**Work to be completed:**
Exact copies of the lines below are the goal; any images in them are dropped.

Stored items from a collection
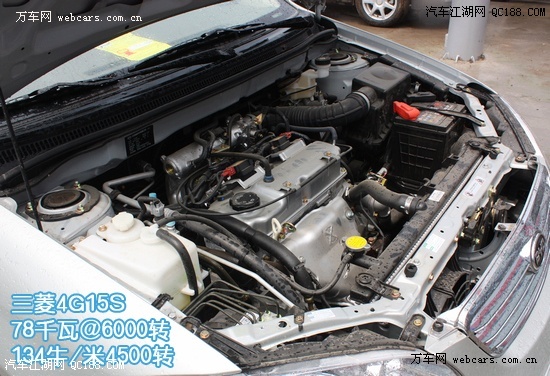 『f3配备的4g15s发动机刚好够用』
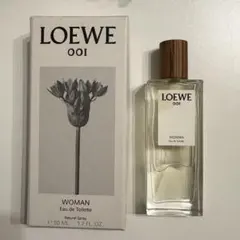 LOEWE 001 ウーマン オードゥ トワレ50mLのサムネイル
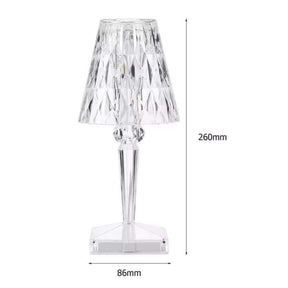 Crystal Diamond Touch Lamp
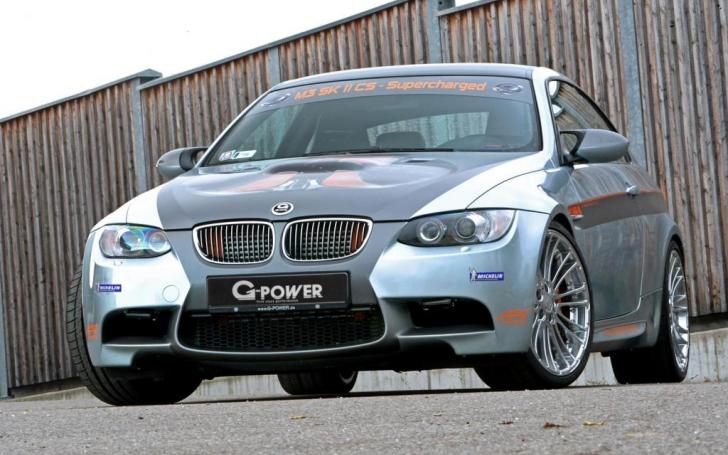 G-Power BMW M3 Hurricane 337 Edition/Gamintojo nuotrauka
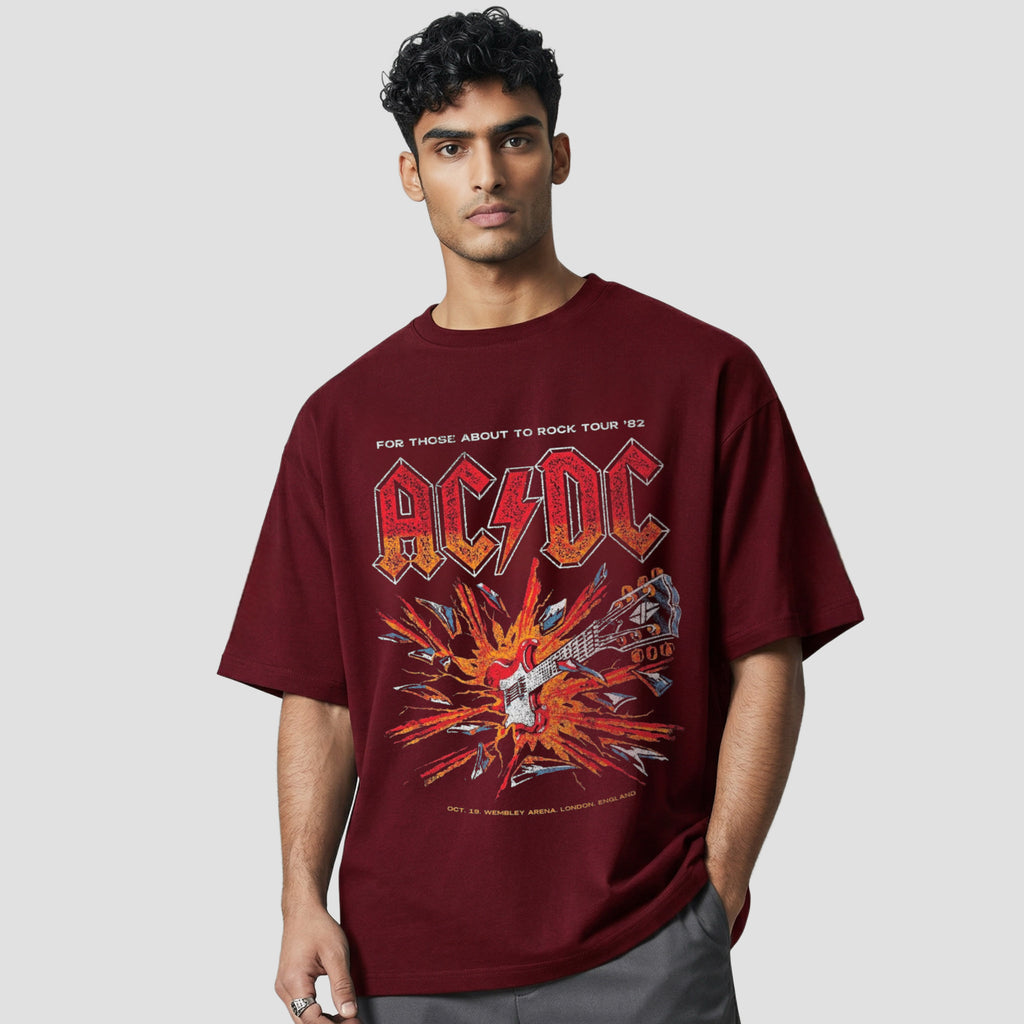 AC/DC - Oversized T-Shirt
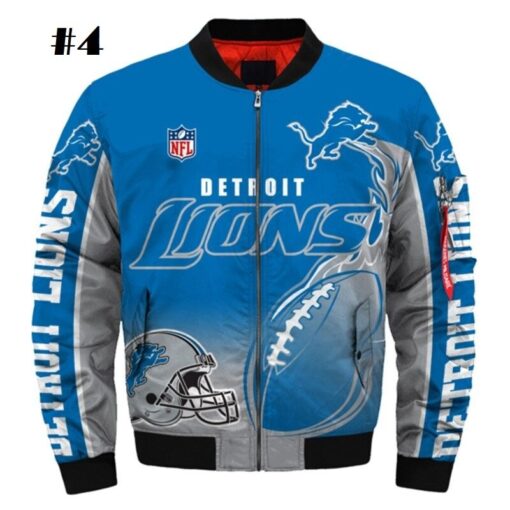 Lions Bomber Jacket - Image 5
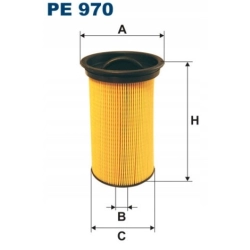 FILTR PALIWA FILTRON PE970 DO BMW PE 970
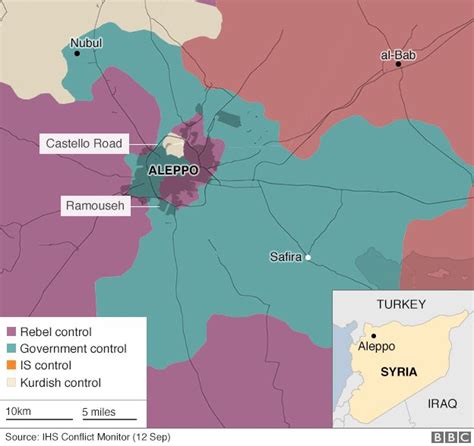 Syria Conflict Russia Fears Collapse Of Ceasefire Bbc News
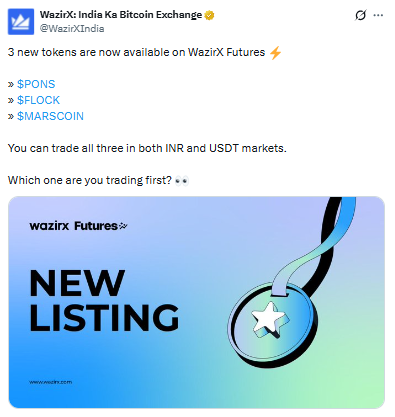 wazirx News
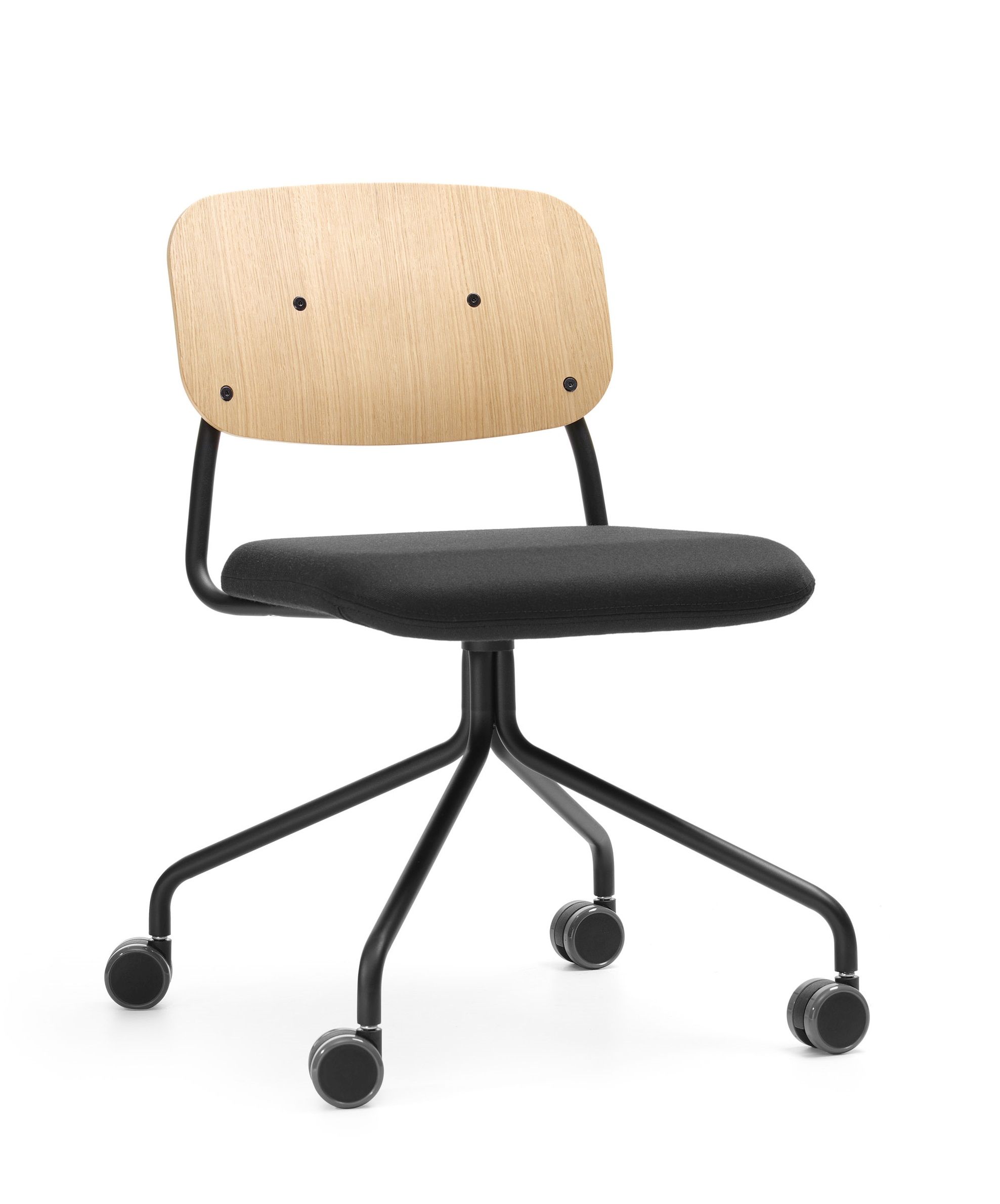 hens HS 4K0 Stuhl / Konferenzstuhl auf Rollen Bejot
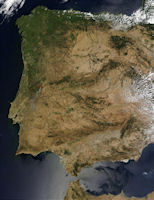Iberia from Space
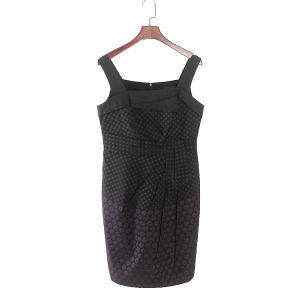 ชุดเดรสยาวแขนกุดคอวีแขนกุดเซ็กซี่สไตล์ญี่ปุ่นฤดูร้อน ชุดเดรสผู้หญิงสีพื้นแขนกุดคอวีเอวสูง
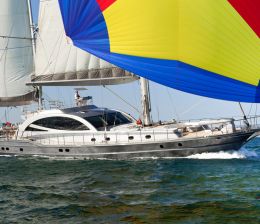 Crewed Yacht Charter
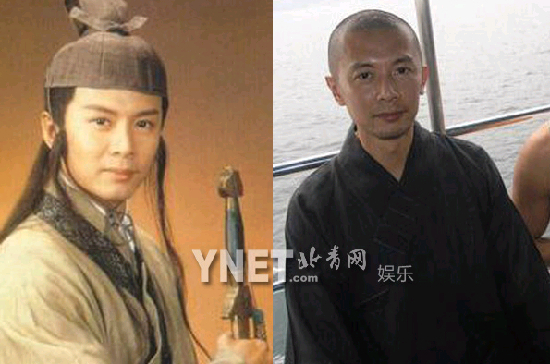 岁月太残忍！50位最帅金庸武侠男神今昔对比照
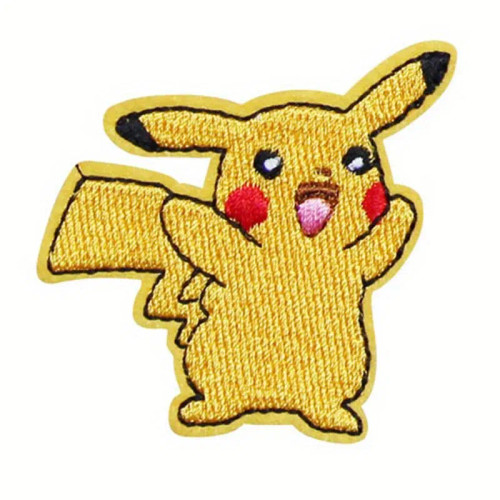 Dull - Kawaii Animals Patch Anime Game Embroidered Patches For Clothing Diy Iron On Patches For Clothes Jacket Cartoon Patch Stickers By WTB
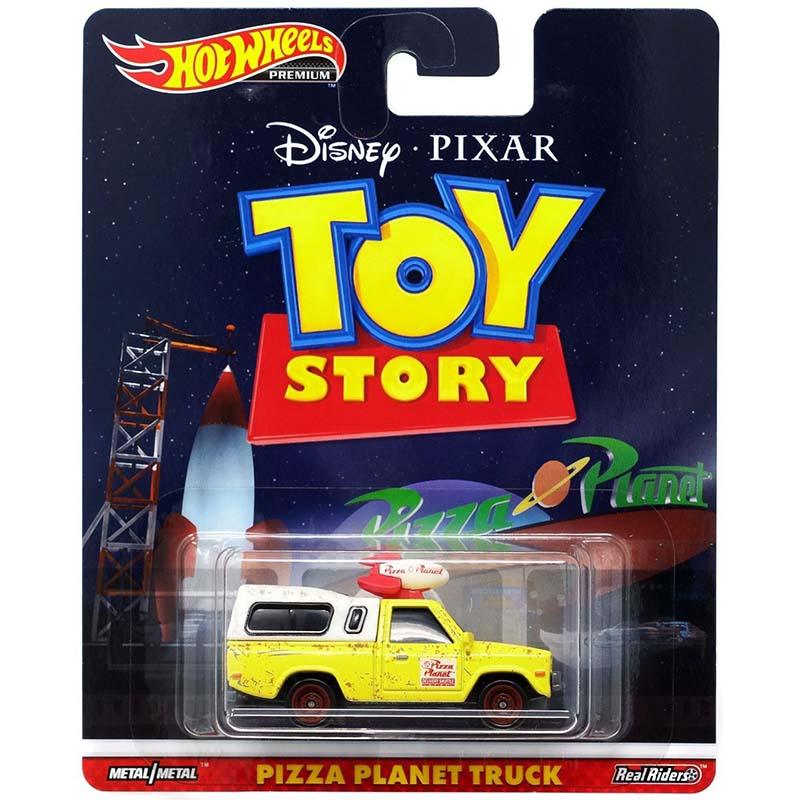 Hot Wheels Pizza Planet Truck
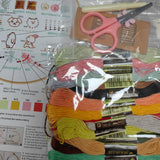 4-Stage Beginner Embroidery Learning Kit Kits For Stitchers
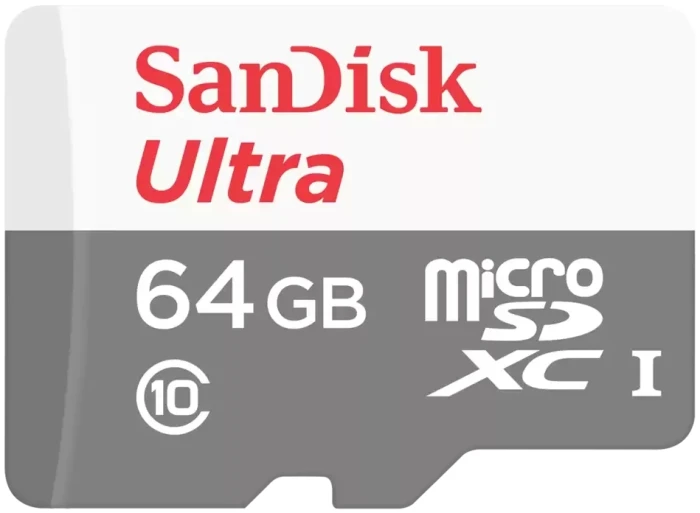 SanDIsk Ultra microSD - 64GB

**Answer area:**
 『f3配备的4g15s发动机刚好够用』
 LOEWE 001 ウーマン オードゥ トワレ50mLのサムネイル
 Crystal Diamond Touch Lamp
 G-Power BMW M3 Hurricane 337 Edition/Gamintojo nuotrauka
 AC/DC - Oversized T-Shirt
 Lions Bomber Jacket - Image 5
 FILTR PALIWA FILTRON PE970 DO BMW PE 970
 Syria Conflict Russia Fears Collapse Of Ceasefire Bbc News
 wazirx News
 hens HS 4K0 Stuhl / Konferenzstuhl auf Rollen Bejot
Iberia from Space
 ชุดเดรสยาวแขนกุดคอวีแขนกุดเซ็กซี่สไตล์ญี่ปุ่นฤดูร้อน ชุดเดรสผู้หญิงสีพื้นแขนกุดคอวีเอวสูง
 Crewed Yacht Charter
 岁月太残忍！50位最帅金庸武侠男神今昔对比照
 Dull - Kawaii Animals Patch Anime Game Embroidered Patches For Clothing Diy Iron On Patches For Clothes Jacket Cartoon Patch Stickers By WTB
 Hot Wheels Pizza Planet Truck
 4-Stage Beginner Embroidery Learning Kit Kits For Stitchers
 SanDIsk Ultra microSD - 64GB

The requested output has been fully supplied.